I was going through the editorial at cp algorithms and was unable to understand the implementation please help me.
link : Manacher's Algorithm - Finding all sub-palindromes in O(N) - Algorithms for Competitive Programming

vector<int> d1(n);
for (int i = 0, l = 0, r = -1; i < n; i++) {
    int k = (i > r) ? 1 : min(d1[l + r - i], r - i + 1);
    while (0 <= i - k && i + k < n && s[i - k] == s[i + k]) {
        k++;
    }
    d1[i] = k--;
    if (i + k > r) {
        l = i - k;
        r = i + k;
    }
}

//---------------------------------------------------------------------

vector<int> d2(n);
for (int i = 0, l = 0, r = -1; i < n; i++) {
    int k = (i > r) ? 0 : min(d2[l + r - i + 1], r - i + 1);
    while (0 <= i - k - 1 && i + k < n && s[i - k - 1] == s[i + k]) {
        k++;
    }
    d2[i] = k--;
    if (i + k > r) {
        l = i - k - 1;
        r = i + k ;
    }
}

Figure out what’s happening and then you will be able to code it by yourself .
Tbh, It’s much easier to code this by yourself than to understand it.

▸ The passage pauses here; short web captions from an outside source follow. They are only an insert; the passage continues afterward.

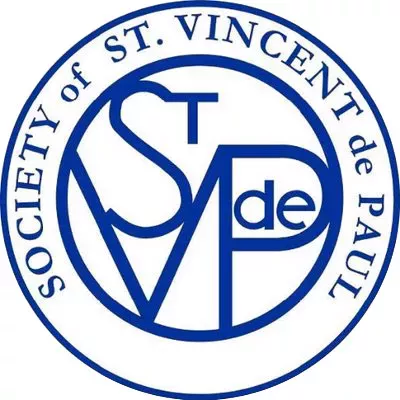 Image: Meet St. Vincent De Paul North Idaho's New Director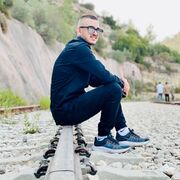  ,   , 24 ,   ,   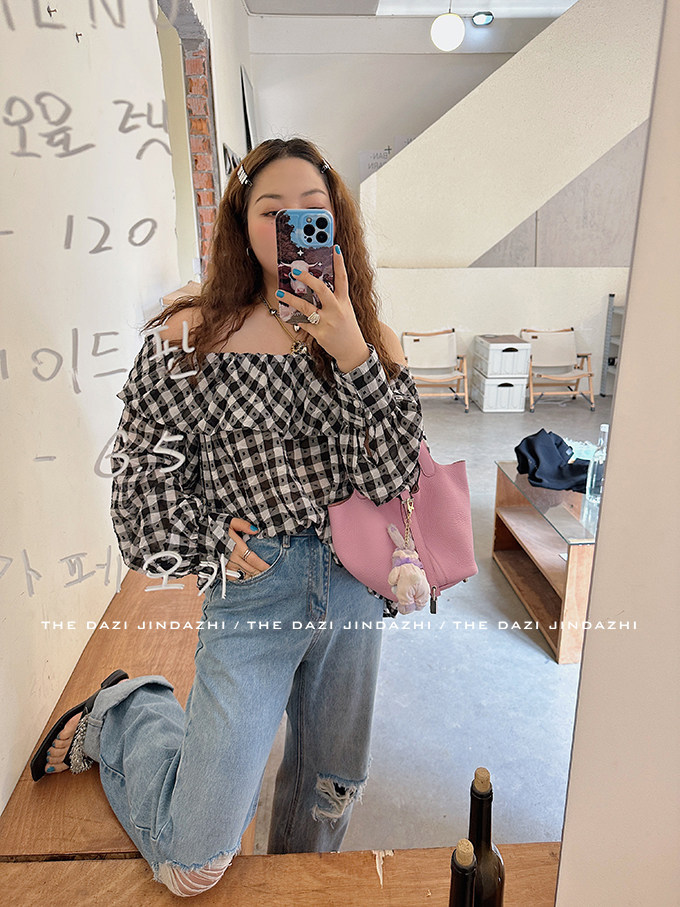 2023-03-26 161648.jpg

l and r are the indexes of the palindrome we found with the largest value of r.

if i is already in front of r, then we are forced to start from 1. Otherwise, we can use the other part of the palindrome to figure out the answer, since the palindrome length will be the same, at least inside the palindrome.

If the inner palindrome is completely inside, the second while loop will break immediately, because we already know that it didn’t extend for the value on the
other side.

If it extends, that means it’s at the edge and the value of r will increase.

We need to do it two times for both odd and even length palindromes.

There are a lot of “off by 1” you can make here which is why I recommend try coding it by yourself once.

oh thanks I was able to come up with the solution:

#include <iostream>
#include <vector>
using namespace std;
int main()
{
    string t;
    cin>>t;
    int n=t.length(),c=0,r=0;
    n=2*n+1;
    int p[n]={0};
    p[0]=0;
    p[1]=1;
    for(int i=2;i<n;i++)
    {
        int mir=2*c-i;
        if(i<r)
        {
            p[i]=min(r-i,p[mir]);
        }
        while( ((i + p[i]) < n && (i - p[i]) > 0) &&  ( ((i + p[i] + 1) % 2 == 0) ||  
            (t[(i + p[i] + 1)/2] == t[(i - p[i] - 1)/2] )))
        {
            p[i]++;
        }
        if(i+p[i]>r)
        {
            c=i;
            r=i+p[i];
        }
    }
    for(int y:p)
    {
        cout<<y<<" ";
    }
    return 0;
}